__Work instructions__
Ignoring every picture, return the lines of the listing below word for word, from the line that holds "Bowknot Lambswool Ballet" through the line that holds "12/24/36 Colors Liquid".

__Dataset records__
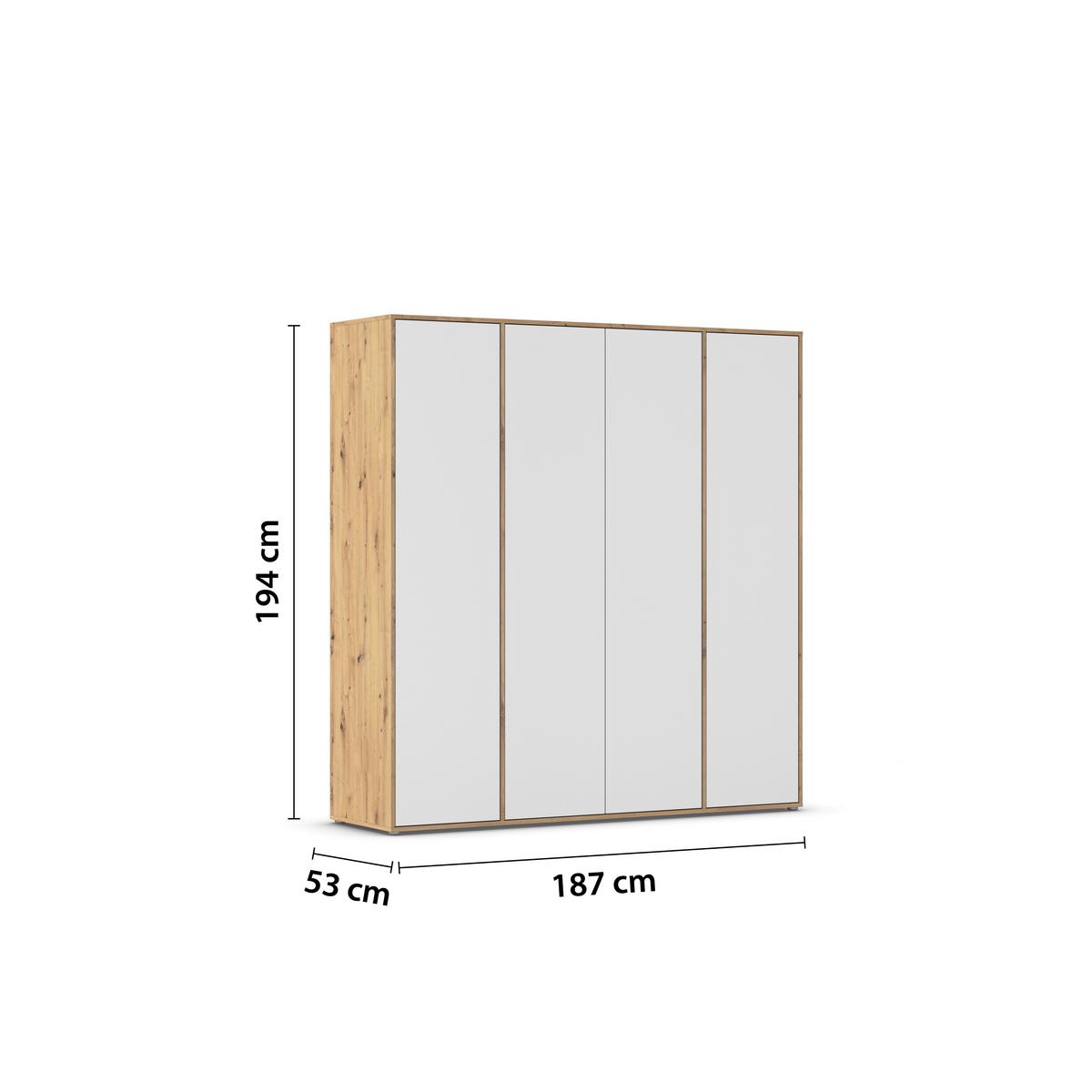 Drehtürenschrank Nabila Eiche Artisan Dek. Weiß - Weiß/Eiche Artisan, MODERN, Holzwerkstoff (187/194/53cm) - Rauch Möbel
--
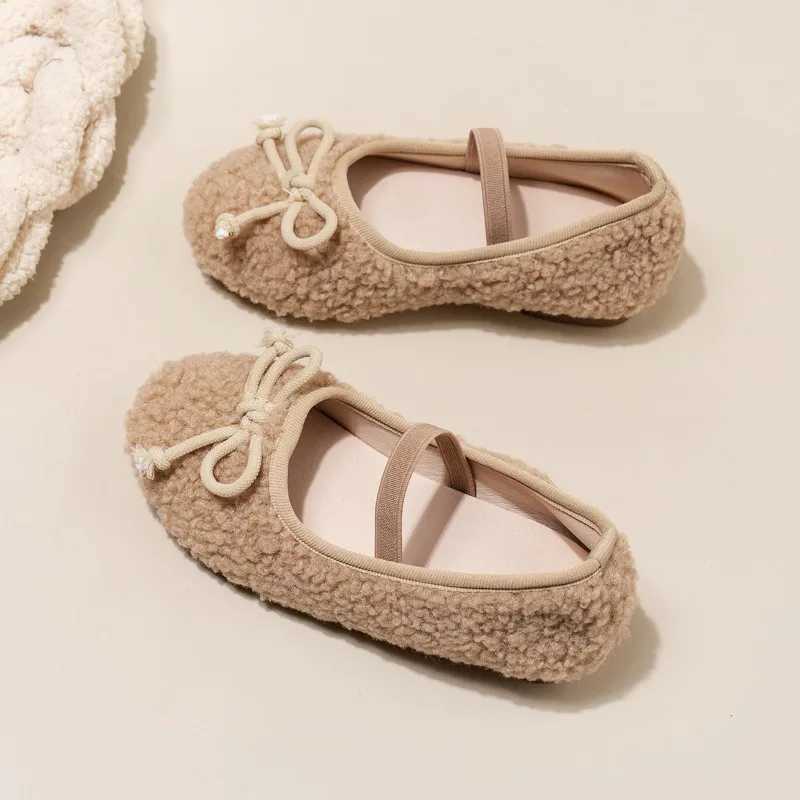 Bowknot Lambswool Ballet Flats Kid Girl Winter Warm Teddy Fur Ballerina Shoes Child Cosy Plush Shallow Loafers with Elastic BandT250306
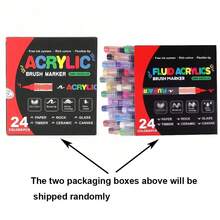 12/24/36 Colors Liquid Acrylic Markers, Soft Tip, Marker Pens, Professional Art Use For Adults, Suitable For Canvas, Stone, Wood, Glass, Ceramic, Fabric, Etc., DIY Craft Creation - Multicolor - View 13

__Your solution__
 Bowknot Lambswool Ballet Flats Kid Girl Winter Warm Teddy Fur Ballerina Shoes Child Cosy Plush Shallow Loafers with Elastic BandT250306
 12/24/36 Colors Liquid Acrylic Markers, Soft Tip, Marker Pens, Professional Art Use For Adults, Suitable For Canvas, Stone, Wood, Glass, Ceramic, Fabric, Etc., DIY Craft Creation - Multicolor - View 13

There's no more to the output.